Королю дали десять капель снадобья, разведенного в аликантском вине. Через несколько минут он почувствовал себя лучше, осмотрелся по сторонам и, заметив отсутствие г-жи де Ментенон, поинтересовался, где она. Никто этого не знал, кроме маршала де Вильруа, который заметил ее в тот момент, когда она села в карету, и теперь послал за ней в Сен-Сир, куда она удалилась.
В четыре часа пополудни, когда король вновь впал в состояние, из которого его на короткое время вывело снадобье, ему решили дать еще одну дозу этого лекарства, однако оно вызывало у него отвращение, и он стал отказываться.
— Государь! — сказали ему. — Ведь это для того, чтобы вернуть вас к жизни!
— К жизни или к смерти, — сказал король, беря стакан, — это уж как будет угодно Богу!
Временное улучшение короля так сильно преувеличили, что дворец герцога Орлеанского, уже заполненный придворными, на глазах у него опустел в течение часа.

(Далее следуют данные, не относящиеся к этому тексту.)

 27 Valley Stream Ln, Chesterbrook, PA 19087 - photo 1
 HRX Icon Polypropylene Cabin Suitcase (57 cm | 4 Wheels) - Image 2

Людовик XIV выказал крайнюю досаду от того, что не удалось найти г-жу де Ментенон, без которой он уже не мог ни жить, ни умереть. В конце концов она приехала и, оправдываясь в ответ на упреки короля, заявила, что уезжала для того, чтобы присоединить свои молитвы к молитвам воспитанниц Сен-Сира.
На следующий день королю стало немного лучше, и он даже съел пару сухариков, смоченных в аликантском вине. В этот день Сен-Симон нанес визит герцогу Орлеанскому и застал его покои совершенно опустевшими.
Тридцатого августа король ослаб, как никогда прежде. Видя, что король начал путаться в мыслях, г-жа де Ментенон перешла в свои покои, куда за ней, против ее воли, последовал г-н де Кавуа. Она хотела положить там в шкатулку какие-то бумаги, чтобы увезти их с собой, однако г-н де Кавуа воспротивился этому, заявив, что он получил приказ герцога Орлеанского изъять все ее бумаги. Этот приказ совершенно ошеломил г-жу де Ментенон.
— Но мне будет позволено, сударь, — спросила она после минутного молчания, — располагать хотя бы своей мебелью?
— Да, сударыня, — ответил Кавуа, — за исключением той, что принадлежит короне.